Furthermore, the following method steps can be carried out using the data of the digital twin data record:
The method according to the disclosure thus makes it possible to simulate the effects of a connection component on the installed components immediately after it has been assembled. In other words, the internal stresses caused by the connection component in the region of the connection component receptacles of the components can be calculated, and from this shape changes in the region of these connection component receptacles can be determined. If these do not exceed a permissible range (e.g. the permissible material stress), the assembly is correct. If this is exceeded, the incorrectly assembled connection component or the component damaged thereby can be recognized immediately and replaced at once. As a result of the ongoing logging, as assembly progresses, a final inspection to be carried out after assembly can be omitted or at least be reduced to a minimum, such as certain functional checks. As a result, the assembly quality of the entire passenger transport installation can be decisively increased, and the time required for startup tests and acceptance checks between the completion of the passenger transport installation and handover thereof can be decisively reduced.
In order to structure the flood of data occurring during assembly and to bring it into a form that is consistently comprehensible, the assembly data records can be aggregated on the at least one local position detection device and/or on the central position analysis device. The aggregated data records are then periodically entered into the designated data fields of the digital twin data record. The aggregation also has the advantage that more data transmission and data processing resources are temporarily available for simulation operations.
Preferably, the measuring of the installation position and the installation parameters is technically implemented by means of the portable local position detection device during installation by determining the position of the tool relative to the position of the central position analysis device and/or by determining the current GPS data of the tool during the assembly process. A plurality of position detection devices may also be involved here, so that they measure distances and angles to one another and, based on these data, in the position analysis device, the position of the installed connection component can be calculated with high precision through the precise localization of the installing tool.
As already mentioned above, the installation of a connection component can be documented. In this documentation, not only can the installed state be recorded, but preferably the entire, or at least substantial sequences of the installation process can also be noted. The documentation of the completed installation is preferably camera-based.
In one possible embodiment of the disclosure, the data storage and data processing unit for the documentation and simulation of the passenger transport installation can comprise the design specification, its parameterization, the assembly specification and, for each connection component, data fields for the identifier, for the position, for the measured installation parameters and for the documentation. At least the design specification, its parameterization and the data fields for each connection component are summarized in the digital twin data record. The design specification and its parameterization indicate how and which components of the passenger transport installation, in which spatial position relative to one another and to the building, are to be connected to one another or to parts of the building in order to construct the passenger transport installation defined according to the customer-specific configuration data from these components.

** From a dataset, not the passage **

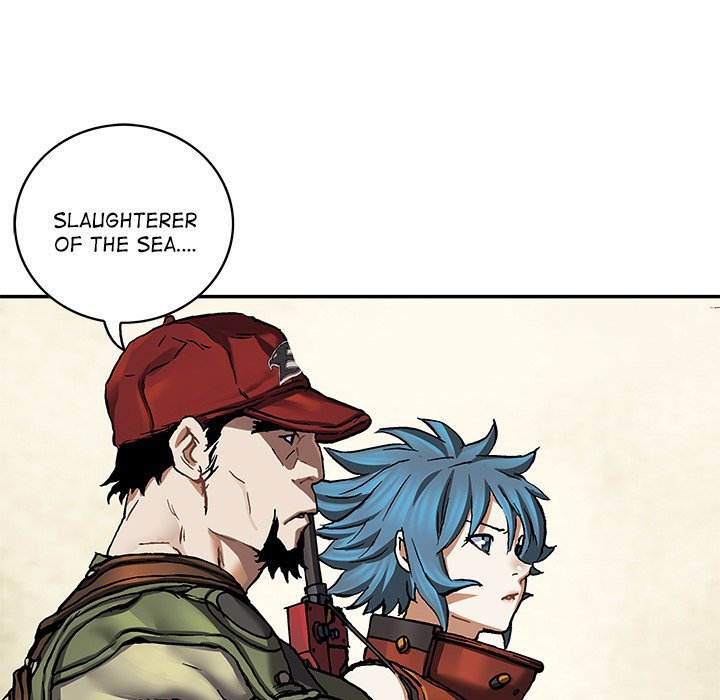 Read Leviathan Manga Online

The installation specification contains all the information required for assembling the passenger transport installation in the building. This can include the assembly process, assembly instructions, data for optical pointers, torques, lubricants and dosage thereof and the like. An optical pointer can be integrated in a local position detection device or in a portable tool and can use a laser beam, for example, to mark the exact point at which the connection component to be installed is to be assembled based on the target specifications available from the digital twin data record. Due to the data available from the digital twin data record, there is also the possibility of projecting the components to be assembled with the connection component at the correct place and in the correct position, for example on the shaft wall of the elevator shaft of the building.
The data storage and data processing unit does not necessarily have to be present at the assembly site. This can also be implemented by a remote system, in particular a cloud system.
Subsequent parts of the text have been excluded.